Every analysis of the US presidential election shows that Trump won largely by tapping into the anger of the non-college-educated white voters, as well as the evangelicals. To the white working-class men, whose concerns were declining standards of living, plummeting wages and job losses, Trump’s rage against globalisation, free trade and immigration was red meat; and for the evangelicals, his pro-Israel and anti-abortion positions were all they needed to throw their weight behind him. In the end, the states that gave Trump victory were those economically depressed rust belt states, such as Michigan and Pennsylvania, as well as those where the evangelicals hold sway. In the Israelis election, Netanyahu also played on the security fears of the Israelis, particularly their loathing of the Arabs. For instance, he floated the idea of annexing to Israel the Jewish settlements on the Palestinian West Bank. As the Financial Times put it, “Instead of shying away from the scandal (Netanyahu) met the probe head on, transforming it into a rallying cry for his base”.

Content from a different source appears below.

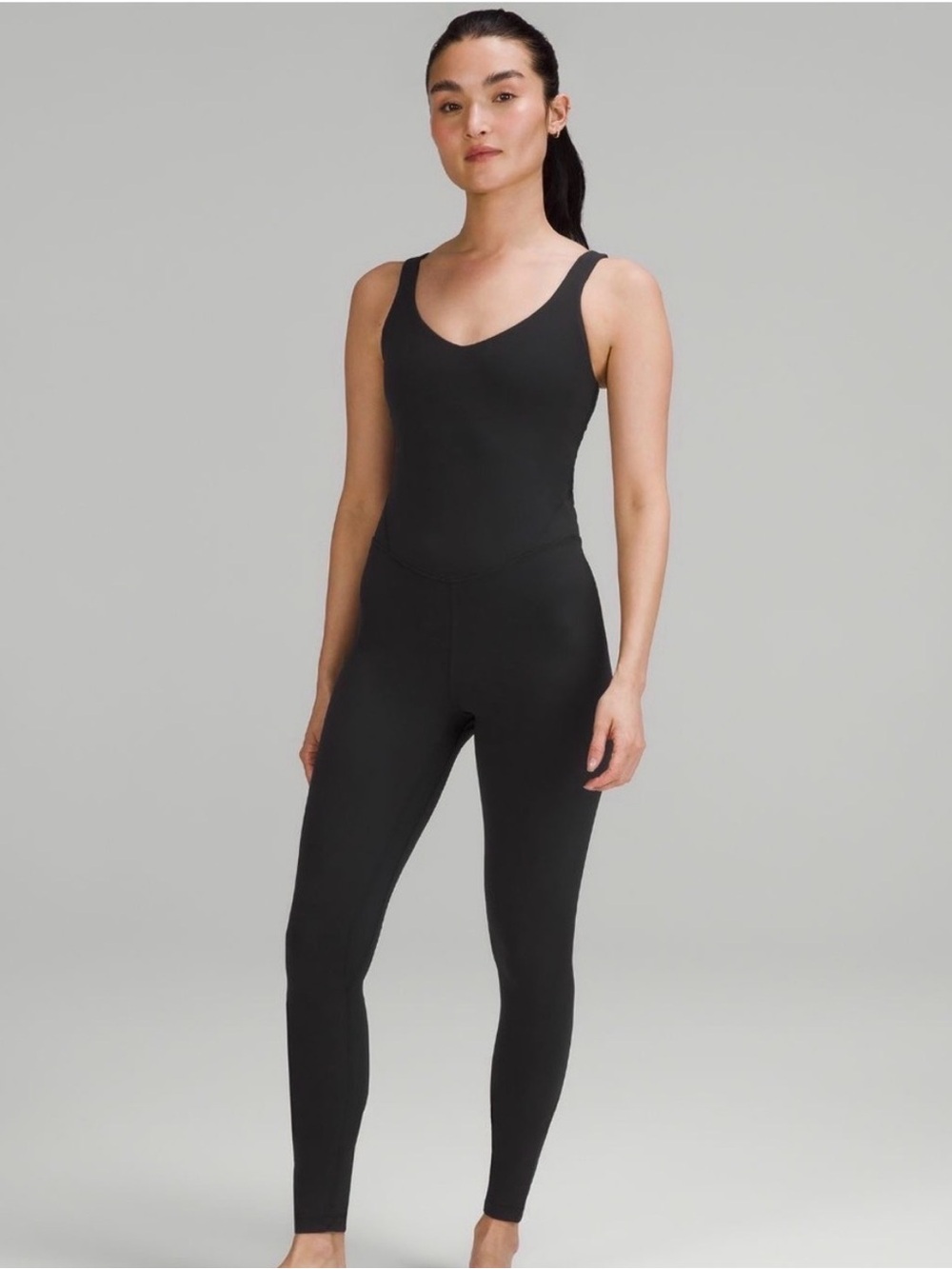 Lululemon Align Bodysuit 25”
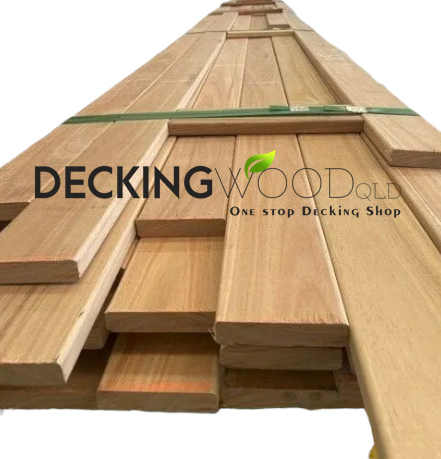 86x19 Blackbutt Decking - Order Via E-mail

By contrast, Atiku did not pander to what could have been his base. Surely, he couldn’t become president without performing well in the North. Yet, he did little to woo the North. All his signature promises, such as political restructuring and privatisation, appealed to the South but were unpopular with the North. The North resisted the privatisation programme of the Babangida regime because they believed it would mainly benefit the affluent South. Similarly, they see restructuring as a Southern agenda. Yet, these were Atiku’s flagship campaign promises. He made no attempt to pander to the fears of the North, to play the populist card. But Buhari did! He fed his Hausa/Fulani base with, as it were, red meat. He gave the herdsmen tacit support in their struggle with farmers. He rejected political restructuring and would not embrace globalisation and free trade. He railed against the rich elite and presented himself as the saviour of the poor. It was straight from Trump’s populist rule book!
Surely, Atiku would have liked to be the Donald Trump of Nigeria, a controversial businessman who becomes president. But it’s Buhari who is Nigeria’s real Donald Trump, a populist anti-globalisation, anti-free trade, anti-elite demagogue, who rode on the back of the poor to power! Atiku lacked the winning side of Trump.